The updated database allowed correct identification of Brucella isolates at the genus level in 88.4% of cases. It is important to mention that none of them was identified as Ochrobactrum spp., a misidentification that is common with other standard identification methods [32–34] and recently reported using the VITEK MS database currently available [35]. Analysis at the species level gave only one discordant result, corresponding to cross identification between two Brucella species. Such result would have no consequence for human medicine, as identification at the genus level is sufficient to prescribe the appropriate treatment.

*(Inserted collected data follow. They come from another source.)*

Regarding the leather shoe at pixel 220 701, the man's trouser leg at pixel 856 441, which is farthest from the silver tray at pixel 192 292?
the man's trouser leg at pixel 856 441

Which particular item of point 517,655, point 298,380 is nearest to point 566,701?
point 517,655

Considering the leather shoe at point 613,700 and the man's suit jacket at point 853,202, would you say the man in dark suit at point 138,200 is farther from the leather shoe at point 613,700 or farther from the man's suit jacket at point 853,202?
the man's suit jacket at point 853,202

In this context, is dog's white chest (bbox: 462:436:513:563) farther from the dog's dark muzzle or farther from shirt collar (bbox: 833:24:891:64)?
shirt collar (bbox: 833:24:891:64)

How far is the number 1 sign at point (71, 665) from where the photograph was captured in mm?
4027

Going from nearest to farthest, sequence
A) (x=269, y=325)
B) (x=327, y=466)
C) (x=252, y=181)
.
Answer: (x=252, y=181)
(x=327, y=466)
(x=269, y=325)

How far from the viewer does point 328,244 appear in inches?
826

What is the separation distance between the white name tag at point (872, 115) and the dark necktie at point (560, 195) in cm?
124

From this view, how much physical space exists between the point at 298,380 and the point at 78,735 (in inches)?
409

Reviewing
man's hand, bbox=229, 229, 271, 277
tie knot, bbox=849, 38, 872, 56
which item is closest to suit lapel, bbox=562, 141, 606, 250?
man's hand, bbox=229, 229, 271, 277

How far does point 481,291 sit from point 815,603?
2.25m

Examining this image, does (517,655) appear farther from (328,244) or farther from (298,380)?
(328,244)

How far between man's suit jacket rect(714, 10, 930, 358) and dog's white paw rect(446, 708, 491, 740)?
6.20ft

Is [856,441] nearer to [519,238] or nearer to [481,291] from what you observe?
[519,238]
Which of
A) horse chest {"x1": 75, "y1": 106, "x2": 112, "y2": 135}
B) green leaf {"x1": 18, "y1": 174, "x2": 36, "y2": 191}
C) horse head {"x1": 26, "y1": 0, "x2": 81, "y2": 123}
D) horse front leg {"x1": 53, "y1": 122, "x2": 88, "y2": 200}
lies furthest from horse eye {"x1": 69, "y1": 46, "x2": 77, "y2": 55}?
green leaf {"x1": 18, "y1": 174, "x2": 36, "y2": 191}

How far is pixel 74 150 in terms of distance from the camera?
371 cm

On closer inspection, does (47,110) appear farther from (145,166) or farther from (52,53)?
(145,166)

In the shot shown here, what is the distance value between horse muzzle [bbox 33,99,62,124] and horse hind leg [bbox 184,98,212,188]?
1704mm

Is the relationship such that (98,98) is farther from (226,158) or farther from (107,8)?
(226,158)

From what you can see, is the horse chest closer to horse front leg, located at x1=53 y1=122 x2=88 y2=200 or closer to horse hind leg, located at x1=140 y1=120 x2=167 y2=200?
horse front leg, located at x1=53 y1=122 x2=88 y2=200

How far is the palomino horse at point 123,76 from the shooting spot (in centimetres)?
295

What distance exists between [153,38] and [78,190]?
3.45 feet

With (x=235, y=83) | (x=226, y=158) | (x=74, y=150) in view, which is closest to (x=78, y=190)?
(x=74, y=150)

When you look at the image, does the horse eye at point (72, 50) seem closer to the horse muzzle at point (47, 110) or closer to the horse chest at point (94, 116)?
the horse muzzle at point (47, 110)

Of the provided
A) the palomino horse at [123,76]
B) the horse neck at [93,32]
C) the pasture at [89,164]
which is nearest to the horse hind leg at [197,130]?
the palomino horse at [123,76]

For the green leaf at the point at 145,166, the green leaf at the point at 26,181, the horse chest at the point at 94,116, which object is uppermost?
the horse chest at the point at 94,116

As for all MALDI-TOF databases, the limitation of this system is its inability to identify non-clinically validated species or species not included in the database. However, the large coverage of the Brucella genus (in particular the most common species) in this database makes this risk is very minor.

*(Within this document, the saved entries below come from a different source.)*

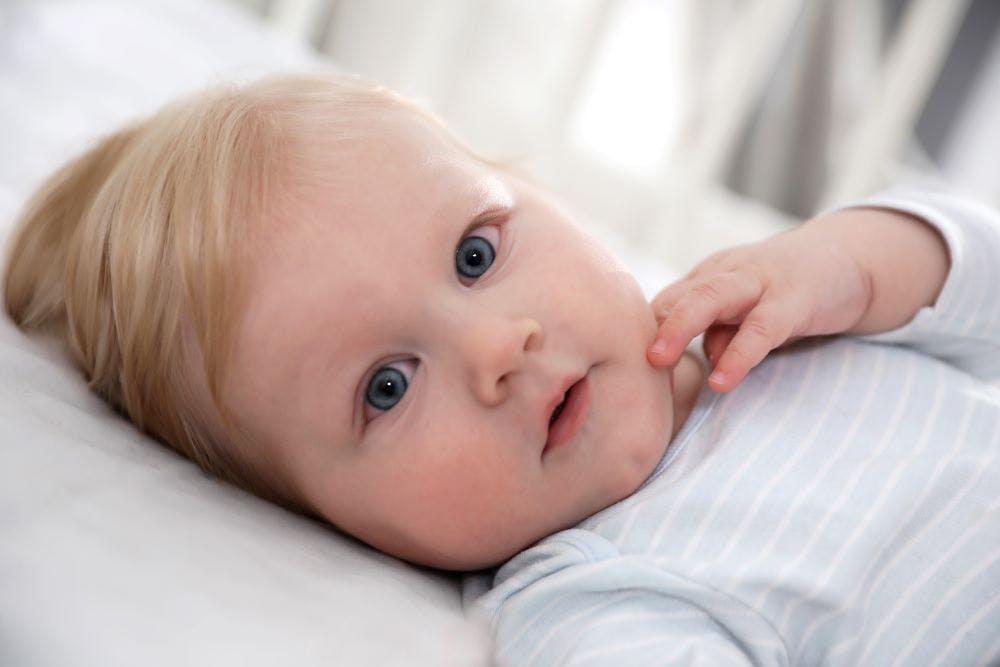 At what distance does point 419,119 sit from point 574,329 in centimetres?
24

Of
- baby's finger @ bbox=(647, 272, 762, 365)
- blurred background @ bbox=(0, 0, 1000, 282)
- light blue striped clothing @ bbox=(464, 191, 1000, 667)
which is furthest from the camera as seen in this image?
blurred background @ bbox=(0, 0, 1000, 282)

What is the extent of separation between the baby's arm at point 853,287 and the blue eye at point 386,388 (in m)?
0.20

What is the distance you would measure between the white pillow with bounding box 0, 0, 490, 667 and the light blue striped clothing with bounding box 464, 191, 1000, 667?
78 mm

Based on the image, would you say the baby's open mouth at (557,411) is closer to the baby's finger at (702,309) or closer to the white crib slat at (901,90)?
the baby's finger at (702,309)

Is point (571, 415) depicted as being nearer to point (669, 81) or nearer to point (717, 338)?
point (717, 338)

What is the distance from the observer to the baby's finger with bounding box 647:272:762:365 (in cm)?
82

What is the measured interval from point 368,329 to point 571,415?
167mm

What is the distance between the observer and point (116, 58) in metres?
1.44

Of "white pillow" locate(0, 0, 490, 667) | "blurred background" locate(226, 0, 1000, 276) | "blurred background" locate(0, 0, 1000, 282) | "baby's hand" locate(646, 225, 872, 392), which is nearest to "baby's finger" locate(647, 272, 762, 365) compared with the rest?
"baby's hand" locate(646, 225, 872, 392)

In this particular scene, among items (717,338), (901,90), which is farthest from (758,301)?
(901,90)

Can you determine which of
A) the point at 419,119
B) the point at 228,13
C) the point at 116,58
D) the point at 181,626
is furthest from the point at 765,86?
the point at 181,626

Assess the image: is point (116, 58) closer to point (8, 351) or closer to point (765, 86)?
point (8, 351)

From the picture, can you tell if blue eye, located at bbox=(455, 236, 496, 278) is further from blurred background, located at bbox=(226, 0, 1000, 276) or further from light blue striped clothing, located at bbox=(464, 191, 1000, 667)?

Diminution of the performance at the genus and/or species level was due to “no ID” results for some rare and/or atypical Brucella spp. (B. neotomae strain 5K33, B. microti strain CCM4915, and the rodent isolate NF2653), several strains from marine mammals, and the vaccine strain B. abortus RB51. These results were not due to the quality of MALDl-TOF spectra, which was good (based on the number of spectral peaks, Table 5). In the spectra for RB51, we found that several masses characteristics of the B. abortus class were less frequently present, in particular the masses of 5,920.63, 6,040.32 and 7,467.89 Da were present in only 14.3% of spectra (vs. in 75–95% of the spectra of other B. abortus isolates, with a tolerance of 800 ppm). The only discordant result in our assay was obtained with B. canis Mex51, which was identified as B. suis. This was due to the presence in its spectra of additional masses that are common with the B. suis class in addition to the major peaks characteristics of the B. canis class. This finding is consistent with an exhaustive MLSA showing that B. canis strains are very close to B. suis biovars 3 and 4 [31].

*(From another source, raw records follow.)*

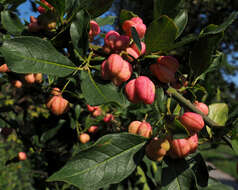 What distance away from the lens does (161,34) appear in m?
0.57

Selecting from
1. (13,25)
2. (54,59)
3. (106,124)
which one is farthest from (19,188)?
(54,59)

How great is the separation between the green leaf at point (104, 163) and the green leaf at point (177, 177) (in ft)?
0.34

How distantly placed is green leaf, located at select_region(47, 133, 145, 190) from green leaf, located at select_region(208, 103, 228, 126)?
37 cm

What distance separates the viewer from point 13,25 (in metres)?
0.87

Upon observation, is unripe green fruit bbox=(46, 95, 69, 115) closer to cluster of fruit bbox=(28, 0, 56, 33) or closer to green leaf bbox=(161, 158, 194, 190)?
cluster of fruit bbox=(28, 0, 56, 33)

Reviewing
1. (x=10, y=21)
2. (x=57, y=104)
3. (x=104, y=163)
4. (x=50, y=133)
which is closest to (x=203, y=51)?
(x=104, y=163)

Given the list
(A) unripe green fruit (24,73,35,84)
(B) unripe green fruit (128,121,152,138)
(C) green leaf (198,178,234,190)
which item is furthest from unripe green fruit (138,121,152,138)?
(A) unripe green fruit (24,73,35,84)

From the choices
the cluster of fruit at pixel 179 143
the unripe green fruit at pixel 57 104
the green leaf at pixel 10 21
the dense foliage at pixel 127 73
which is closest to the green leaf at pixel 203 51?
the dense foliage at pixel 127 73

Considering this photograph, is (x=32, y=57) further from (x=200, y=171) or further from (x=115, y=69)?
(x=200, y=171)

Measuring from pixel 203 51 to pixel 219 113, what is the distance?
301mm

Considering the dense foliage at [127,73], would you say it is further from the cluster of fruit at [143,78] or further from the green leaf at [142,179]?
the green leaf at [142,179]

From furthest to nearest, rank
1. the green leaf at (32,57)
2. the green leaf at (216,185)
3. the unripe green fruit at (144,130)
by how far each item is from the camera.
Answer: the green leaf at (216,185), the unripe green fruit at (144,130), the green leaf at (32,57)

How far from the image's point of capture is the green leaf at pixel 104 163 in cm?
55

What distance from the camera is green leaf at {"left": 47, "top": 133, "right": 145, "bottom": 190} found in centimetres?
55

Importantly, the MALDI-TOF database allowed the correct identification as Brucella of several recently discovered “atypical” isolates [5,6,28,36]. These strains represent a serious problem for diagnosis laboratories, as they are not identified as Brucella using classical phenotypic tests. It is possible that similar strains have been isolated in the past but misidentified. Very little is known concerning the ability of these new species to cause disease in humans or livestock. The possibility to identify these isolates as Brucella will thus be important for both human and animal health.
Overexpression of an exogenous protein (GFP) did not affect the identification of B. melitensis 16M. This is important since recombinant Brucella strains are common tools in research laboratories and could potentially infect lab workers. Moreover, the use of such Brucella strains as vaccines was proposed, since the presence anti-GFP antibodies would allow distinguishing vaccinated animals from naturally infected ones [37].
In conclusion, this updated MALDI-TOF MS database is a new diagnostic tool that allows the identification of Brucella. It combines precision of identification (broad coverage of the Brucella genus together with species-level identification) and widespread availability. After integration in the VITEK MS (v3.2), this will be the first Brucella database validated for diagnostic with CE accreditation and accessible to all users in routine. This will allow accurate diagnosis and timely treatment in brucellosis. These highly infectious pathogens also causing one of the most frequent laboratory-acquired infection [38], their rapid identification by MALDI-TOF MS will decrease the risk of accidental infection of laboratory workers. A paradox of global health however is that the countries where brucellosis is endemic may not have access to MALDI-TOF MS. This could be circumvented by the use of the in-tube inactivation method described earlier [19], which will allow the shipment of erstwhile infectious samples to mass spectrometry platforms.
Supporting information
Acknowledgments
We are grateful to the Emerging Infectious Diseases Laboratory (APHL-CDC, North Carolina State Laboratory of Public Health) for sharing strain collections and for data acquisitions and to Maryne Jay (ANSES, France) for administrative support with ANSM and shipment procedures.
Data Availability
All relevant data are within the paper and its Supporting Information files.
Funding Statement
This work was supported by the Institut National de la Sante et de la Recherche Medicale (INSERM), the Université de Montpellier and Agence Santé Publique France. It was also partially sponsored by bioMérieux (Marcy l’Etoile, France). The funders had no influence on data collection, interpretation of this study or decision to publish.
References
- 1.Pappas G, Papadimitriou P, Akritidis N, Christou L, Tsianos E V. The new global map of human brucellosis. Lancet Infect Dis. 2006;6: 91–99. 10.1016/S1473-3099(06)70382-6 [DOI] [PubMed] [Google Scholar]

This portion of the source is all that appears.